# New Banded (Pet Type) Girls...



## omahapied (Aug 29, 2010)

The girls - one black, one recessive yellow, and "Beezy". Beezy is a poorly marked double banded brindle and as the picture indicates she has quite the personality. She is extremely outgoing and has been friendly from the get go.

They are bred to:


----------



## The Boggit keeper (Mar 5, 2010)

Aww, they're sweet!  
Does the mouse in the bottom pic have one black eye and one ruby eye? or is it just my old eyes playing up :roll:


----------



## Lizzle (Apr 7, 2010)

*The Boggit keeper*, I agree, it looks like an odd-eyed mouse. So cute!

Recessive yellows are my absolute favorites!


----------



## zany_toon (Apr 3, 2010)

I love the little yellow


----------



## omahapied (Aug 29, 2010)

zany_toon : She is a sweetie and the darker yellow of the litter that I looked through. I hope she reproduces the darker coloring. She is just starting to show now.

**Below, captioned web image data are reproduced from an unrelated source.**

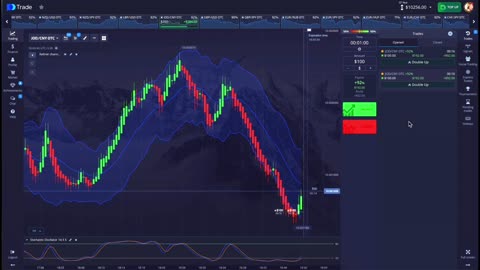 Easy Option Trading Strategy For Beginners Using Heikin Ashi Candles Keltner Channel and Stochastic
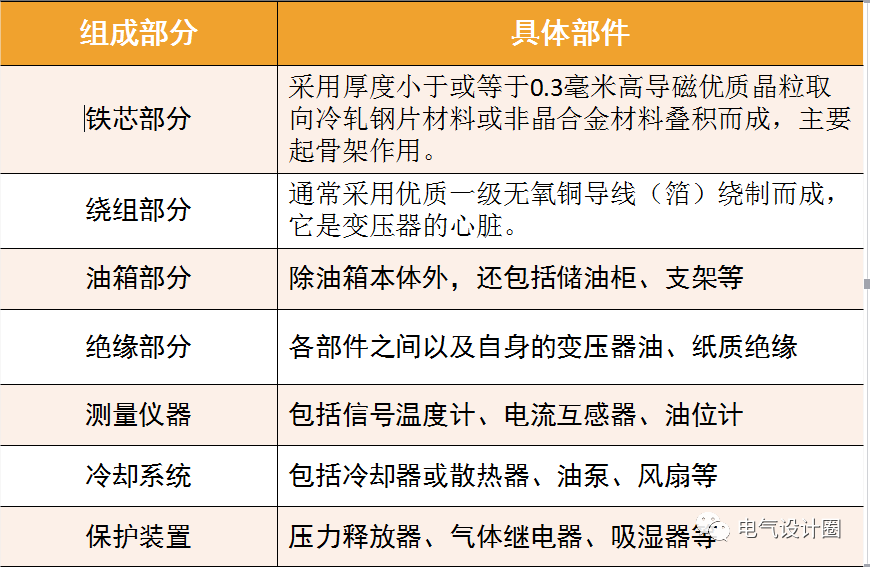 关于变压器的基础知识，你了解了多少呢？的图3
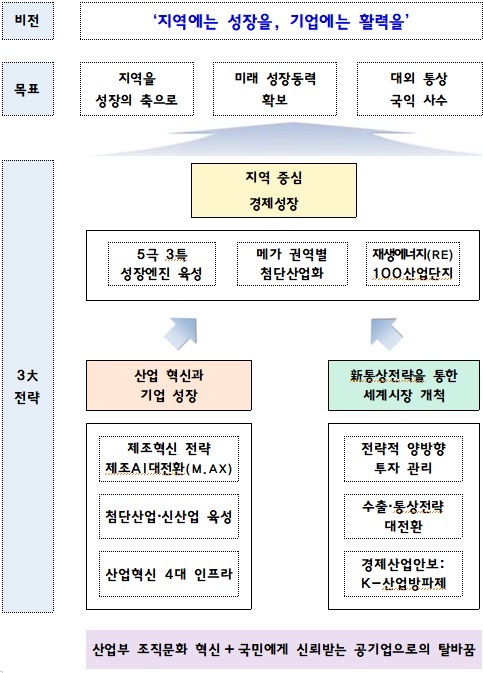 산업통상부는 17일 정부세종컨벤션센터 지역에는 성장을, 기업에는 활력을이란 주제로 부처합동 업무보고를 했다. 산업부 업무추진 방향. /산업통상부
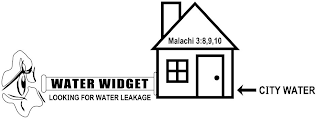 WATER WIDGET LOOKING FOR WATER LEAKAGE MALACHI 3:8,9,10 CITY WATER logo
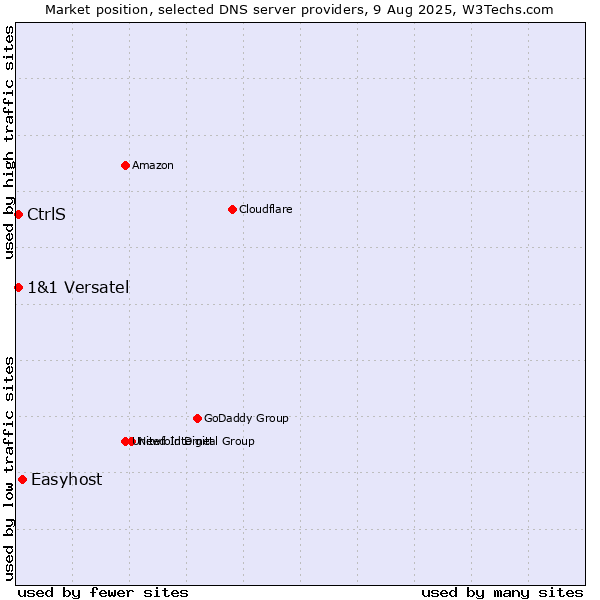 Market position of Easyhost vs. CtrlS vs. 1&1 Versatel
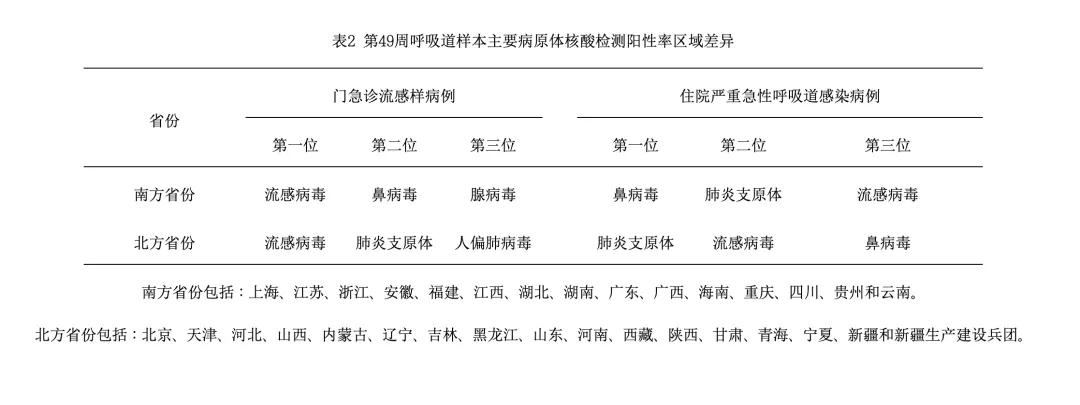 “横扫”南北！注意预防→  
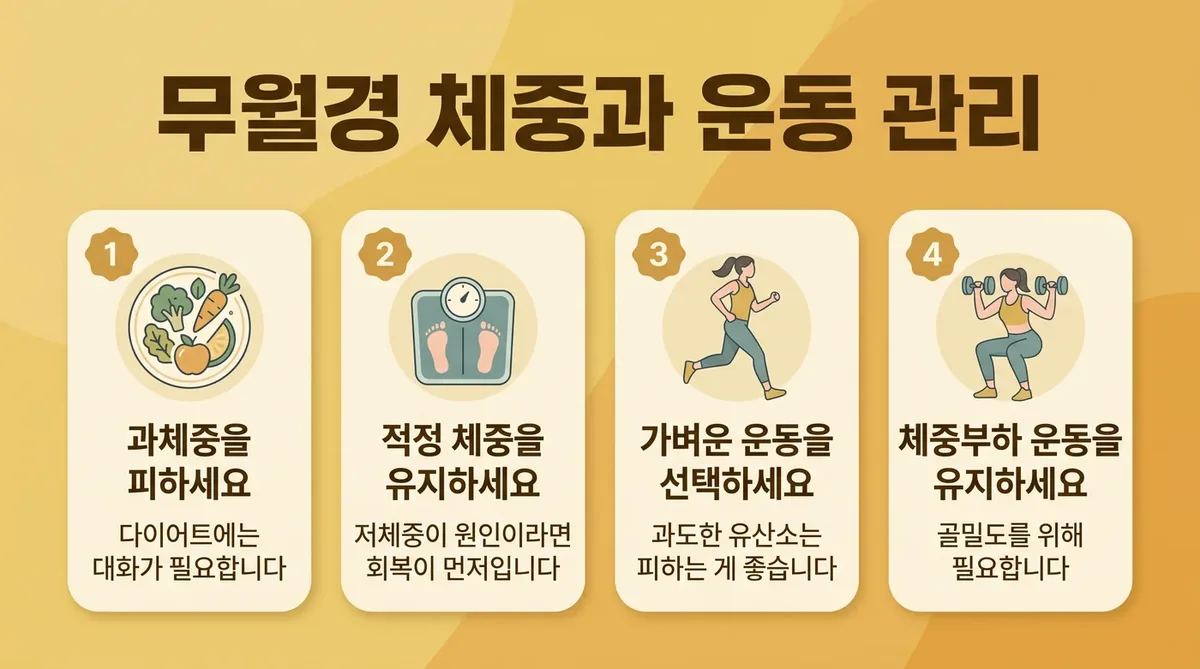 인천 송도 더율한의원 - 무월경 체중 관리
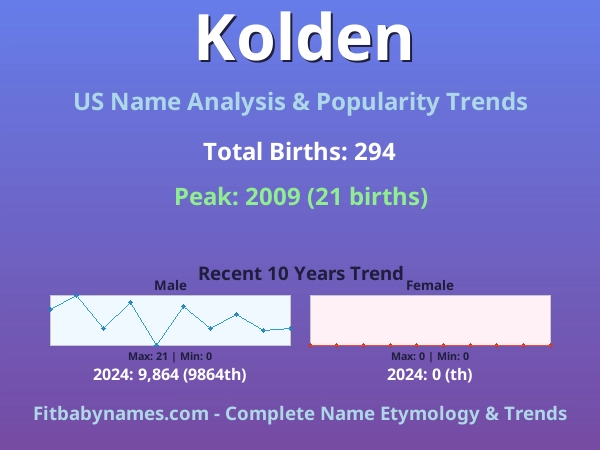 Infographic: Kolden name meaning, origin, and popularity trends in the United States (US baby name analysis chart)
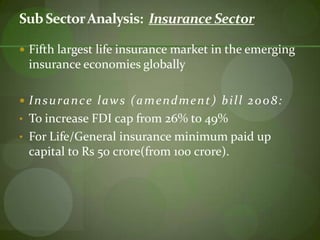 India's large service industry accounts for more than 50% of the country's GDPIt makes up more than 25% EmploymentService sectors like telecommunication, IT enabled services, insurance, air transport are becoming prominent
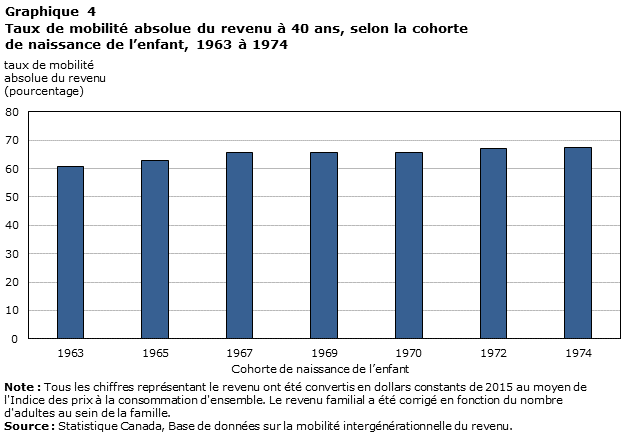 Graphique 4 : Taux de mobilité absolue du revenu à 40 ans, selon la cohorte de naissance de l’enfant, 1963 à 1974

The male has odd eyes. They appear pink in some pictures, black in others. They are both pink. He has a beautiful hair coat and type that I hope he will reproduce. The black/white girl has a satin like, super tight and shiny coat.

Should be interesting for sure...


----------



## tipex (Jun 21, 2010)

i think for a pet typ... the banded looks very good... nice

tipex


----------



## omahapied (Aug 29, 2010)

Just brought home four more banded yesterday. Very young but at least will help introduce some different bloodlines into what I have right now.


----------